There is one murder after another as the plot marches to its inevitable conclusion. Jacob has always been afraid to trust anyone. As it turns out, that was a justifiable fear.

The imagery of “light” and “dark” is used throughout the book, for the most part very successfully. If there are weaknesses, they are these: the first half is sometimes overloaded with metaphors. It is almost a literary tic. There is also a fair amount of repetition. We do not need to be told over and over that Jacob believes he is destined to never escape the life he leads; that he believes he is not capable of making anything of himself; that he thinks there are no choices open to him; or that he cannot believe that Maggie could possibly love him.

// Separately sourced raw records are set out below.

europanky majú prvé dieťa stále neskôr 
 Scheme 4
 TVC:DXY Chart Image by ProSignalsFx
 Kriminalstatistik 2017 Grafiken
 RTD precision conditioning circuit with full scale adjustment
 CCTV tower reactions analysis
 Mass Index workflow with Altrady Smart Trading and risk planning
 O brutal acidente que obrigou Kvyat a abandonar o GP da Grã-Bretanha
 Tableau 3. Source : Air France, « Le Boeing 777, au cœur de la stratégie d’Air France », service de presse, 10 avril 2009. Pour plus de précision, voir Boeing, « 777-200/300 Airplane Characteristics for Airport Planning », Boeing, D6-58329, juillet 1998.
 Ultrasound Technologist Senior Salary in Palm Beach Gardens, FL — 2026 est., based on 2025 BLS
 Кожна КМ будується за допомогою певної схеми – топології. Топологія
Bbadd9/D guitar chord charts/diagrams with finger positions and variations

To my ear, the writing in the second half of the novel is stronger and the pacing more assured – it is as if Joy really hits his stride at midpoint and the book takes off.

Photo by Andrew Rhew
It is always a cause for celebration when a debut novel is well-received.  The New York Times called WHERE ALL LIGHT TENDS TO GO a “remarkable first novel.” The Huffington Post said it was a “savagely moving novel that will likely become an important addition to the great body of Southern Literature,” and the Minneapolis Star-Tribune called it a “beautiful, brutal book.”

David Joy’s next novel, WAITING ON THE END OF THE WORLD, will be released in 2016. He is also the author of a memoir, GROWING GILLS: A FLY FISHERMAN’S JOURNEY (2011) which was a finalist for the Reed Environmental Writing Award and the Ragan Old North State Award for Creative Nonfiction.